-- Supplied material --

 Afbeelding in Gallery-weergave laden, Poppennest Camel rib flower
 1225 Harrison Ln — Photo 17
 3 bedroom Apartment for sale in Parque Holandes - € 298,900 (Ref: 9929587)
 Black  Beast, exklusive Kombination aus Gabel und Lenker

-- Work to be completed --
Reply with the lines from the one that contains "3 bedroom Apartment" through the last line of the material above, copied exactly and nothing else.

-- The completed task --
 3 bedroom Apartment for sale in Parque Holandes - € 298,900 (Ref: 9929587)
 Black  Beast, exklusive Kombination aus Gabel und Lenker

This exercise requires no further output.